DATA PROVIDED START
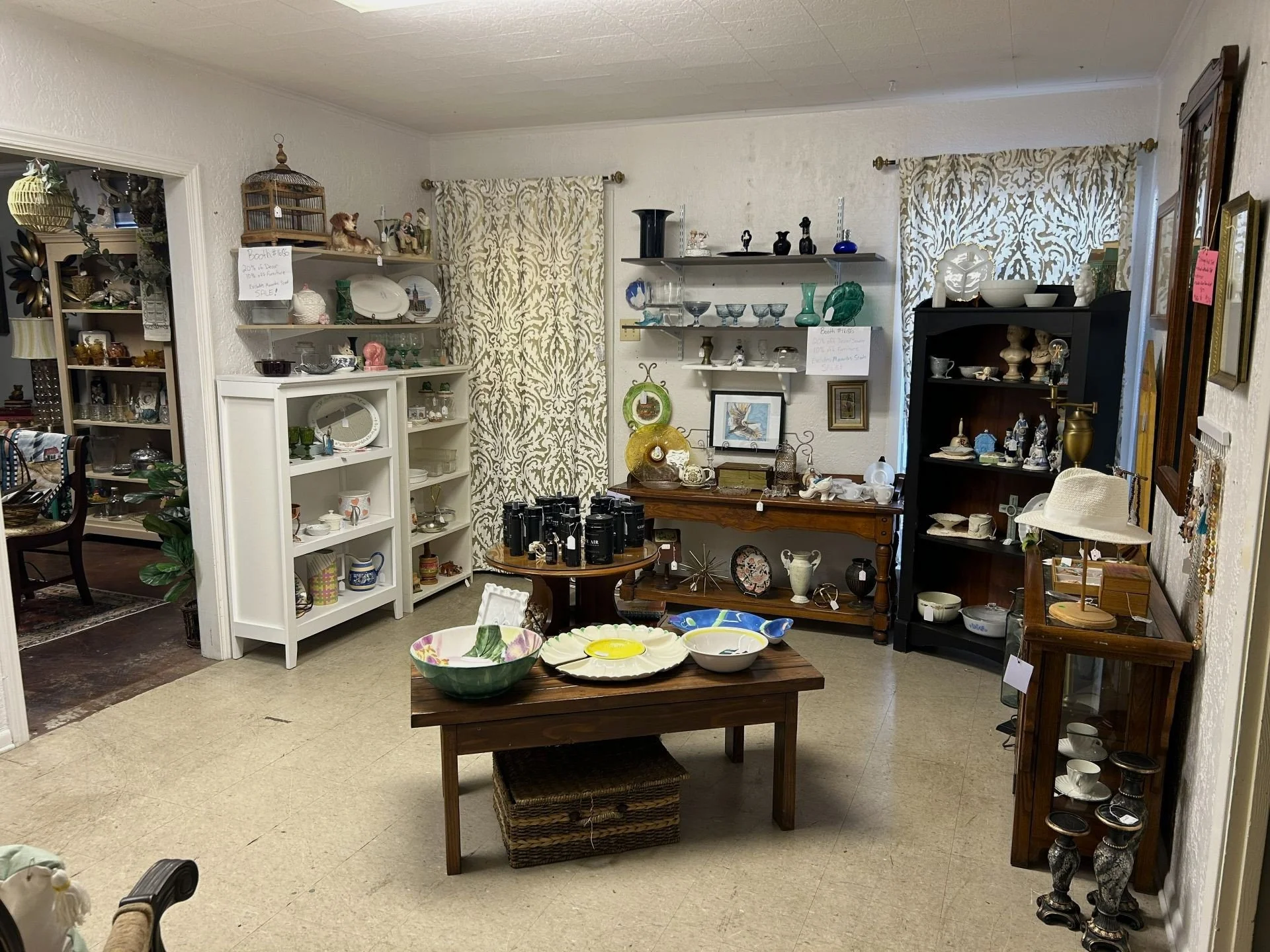 Roosters Antiques Lafayette Rooms 2026 (2).jpg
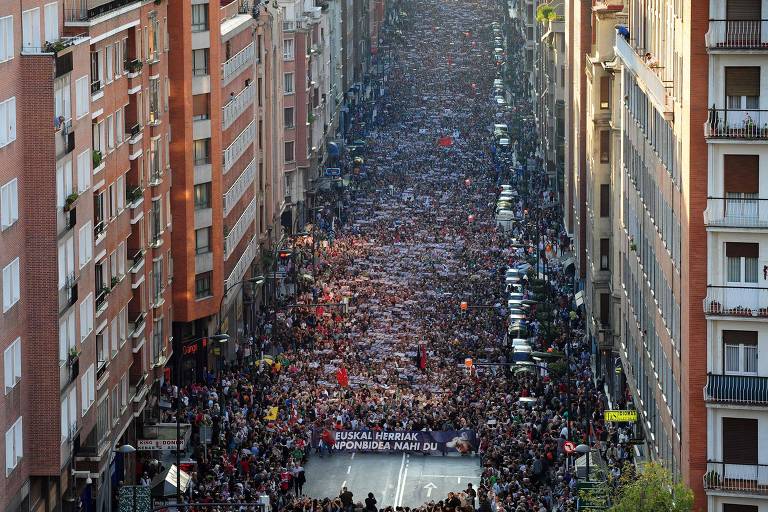 Manifestação em 2011 em Bilbao, na Espanha, após o ETA anunciar o fim da luta armada pede uma resolução pacífica para o conflito 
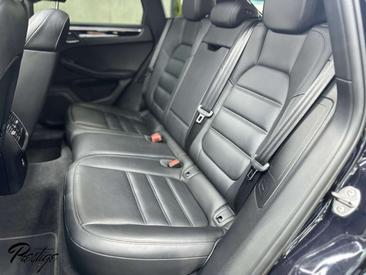 Porsche Macan Electrique Base — photo 15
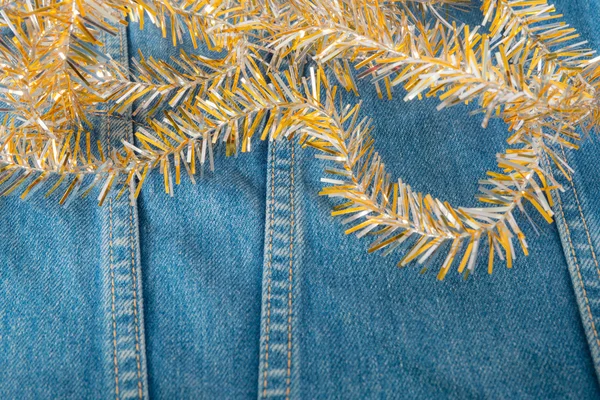 Weihnachten und Neujahr auf Jeans für Hintergrund dekoriert. — Stockfoto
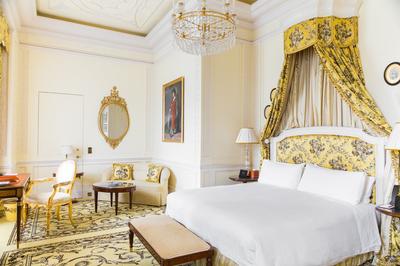 Royal Suite-Up to 7 bed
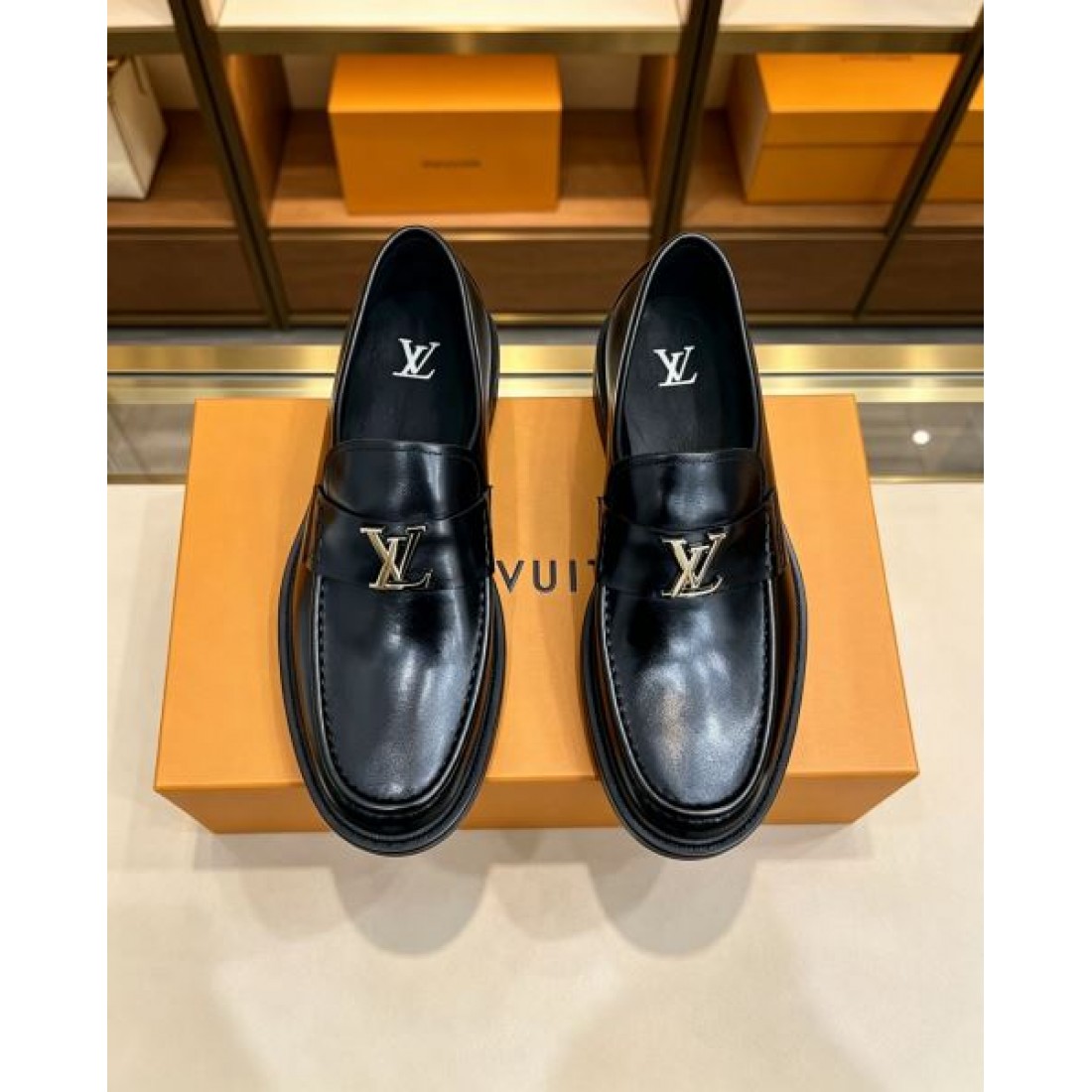 ローファーデザイン LVアクセント 滑らかな表面感 LOUIS VUITTON ルイヴィトン コピー ビジネスシューズ クラシックスタイル 人気上昇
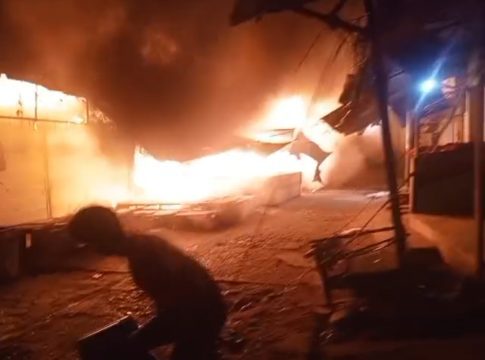 Kebakaran di Belakang Pasar Limbur Berawal dari Toko Sembako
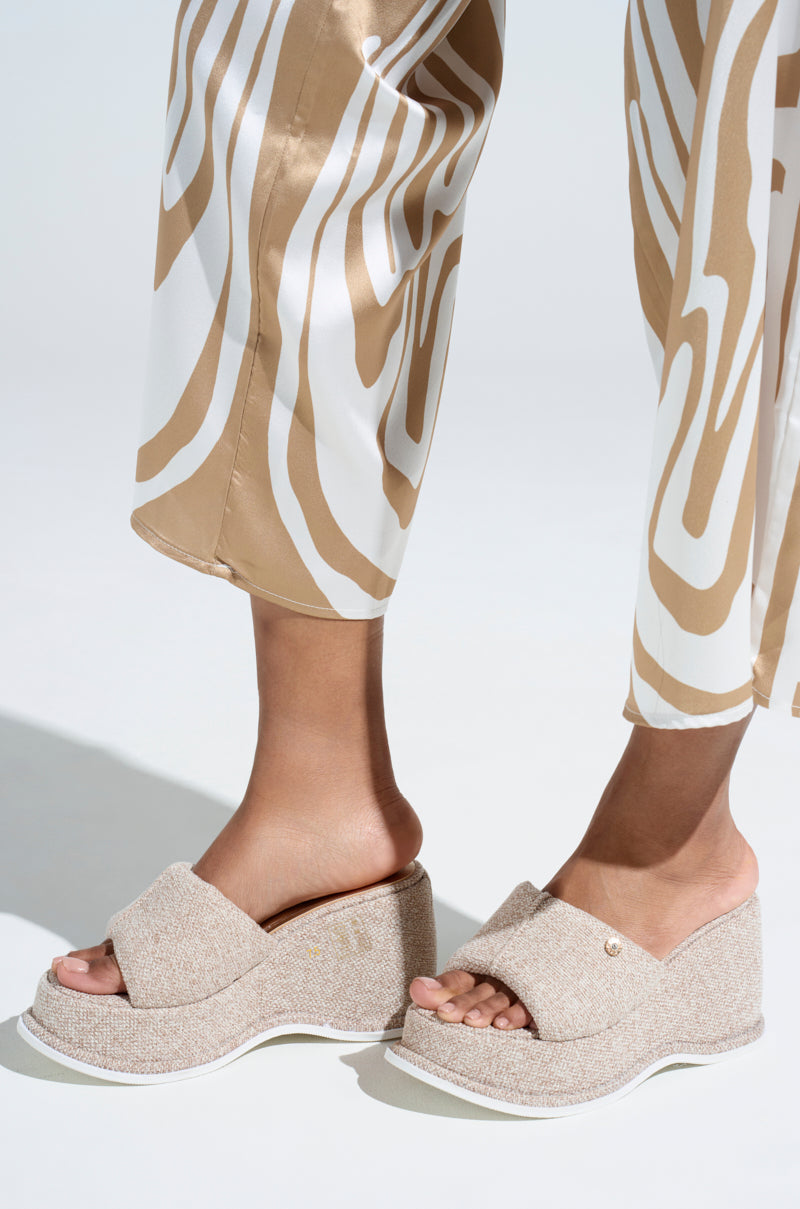 AZALEA WANG NATHALIA BEIGE NOVELTY FLATFORM SANDAL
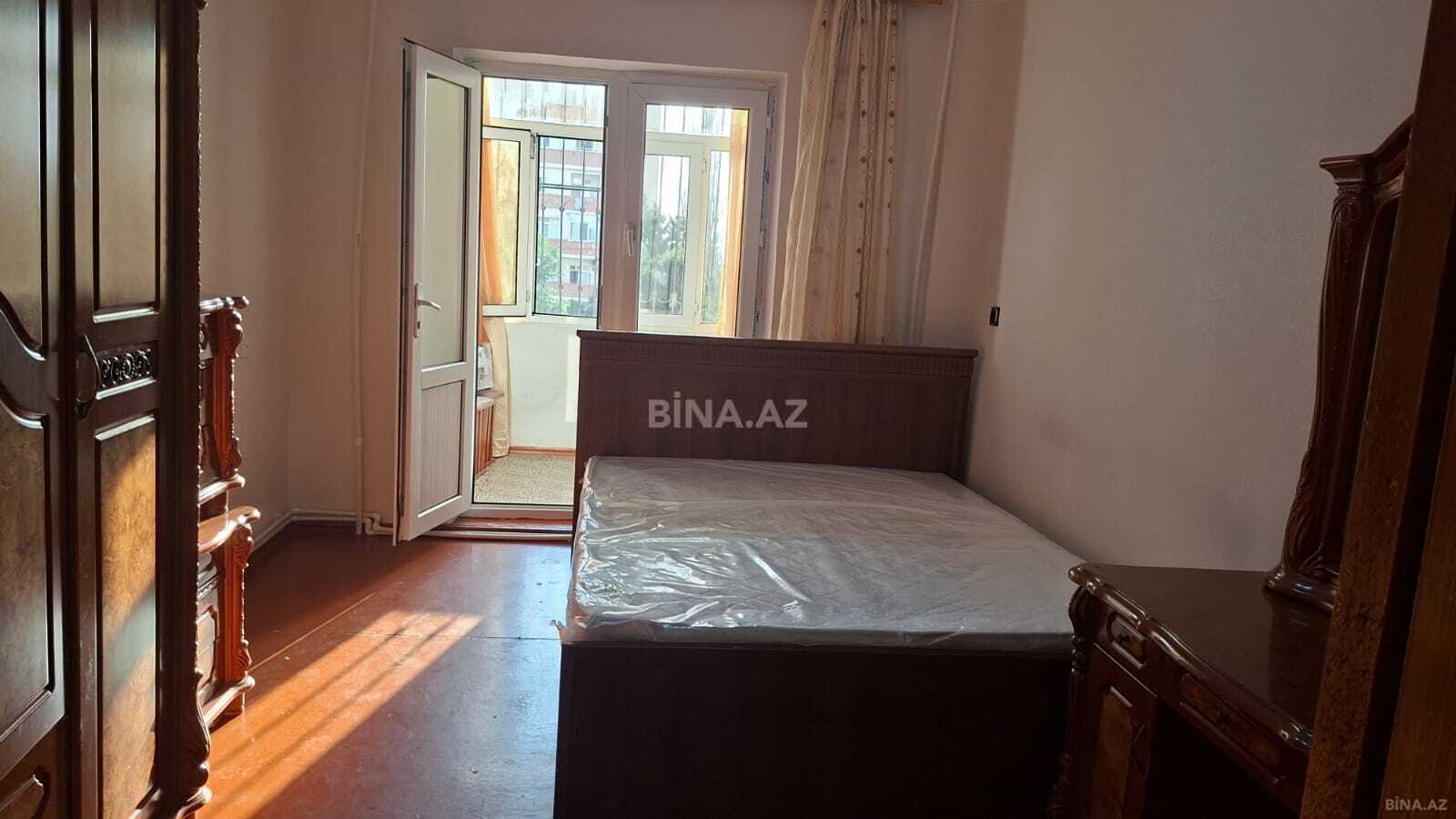 2 otaqlı köhnə tikili 60 m², Yeni Günəşli q. - şəkil 2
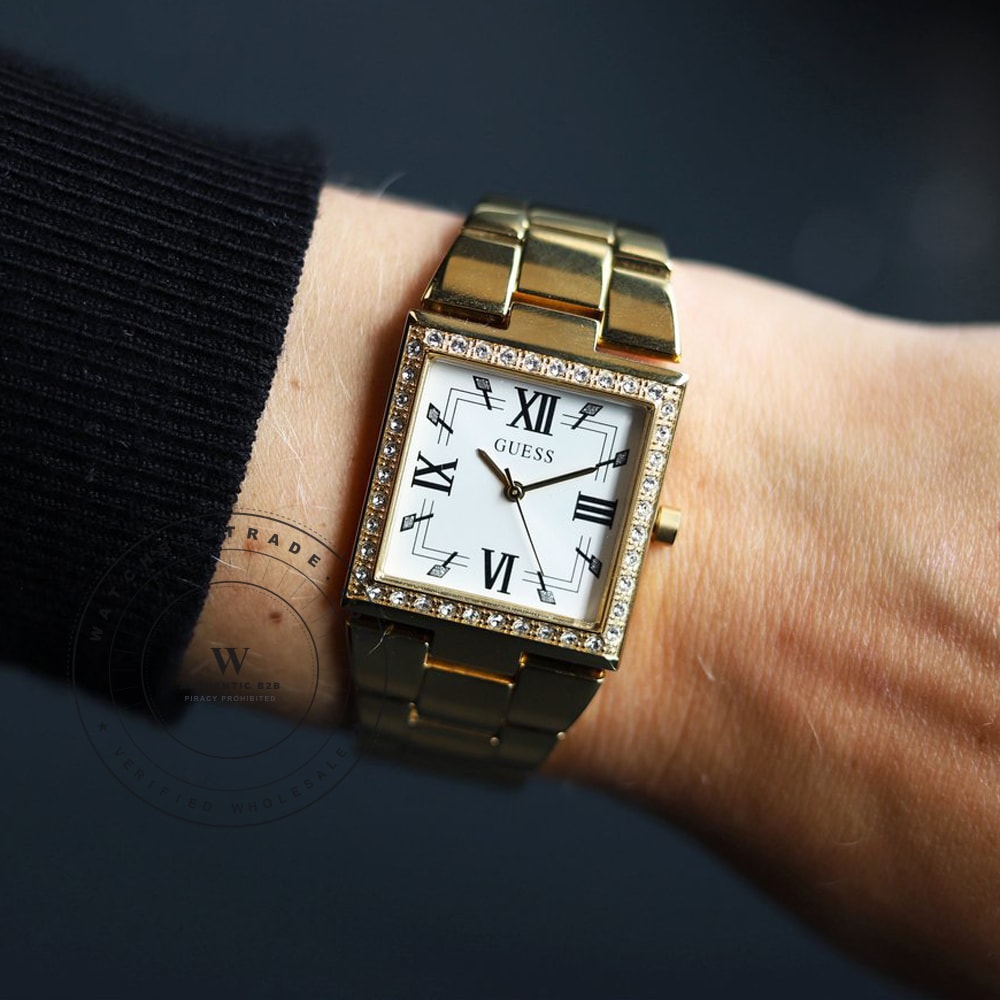 Guess GW0026L2 Chateau Watch GW0026L2 - Angle 4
DATA PROVIDED END
**TASK ITEM:**
Please retype every entry above exactly, leaving out any picture.

**RESULT BELOW:**
 Roosters Antiques Lafayette Rooms 2026 (2).jpg
 Manifestação em 2011 em Bilbao, na Espanha, após o ETA anunciar o fim da luta armada pede uma resolução pacífica para o conflito 
 Porsche Macan Electrique Base — photo 15
 Weihnachten und Neujahr auf Jeans für Hintergrund dekoriert. — Stockfoto
 Royal Suite-Up to 7 bed
 ローファーデザイン LVアクセント 滑らかな表面感 LOUIS VUITTON ルイヴィトン コピー ビジネスシューズ クラシックスタイル 人気上昇
 Kebakaran di Belakang Pasar Limbur Berawal dari Toko Sembako
 AZALEA WANG NATHALIA BEIGE NOVELTY FLATFORM SANDAL
 2 otaqlı köhnə tikili 60 m², Yeni Günəşli q. - şəkil 2
 Guess GW0026L2 Chateau Watch GW0026L2 - Angle 4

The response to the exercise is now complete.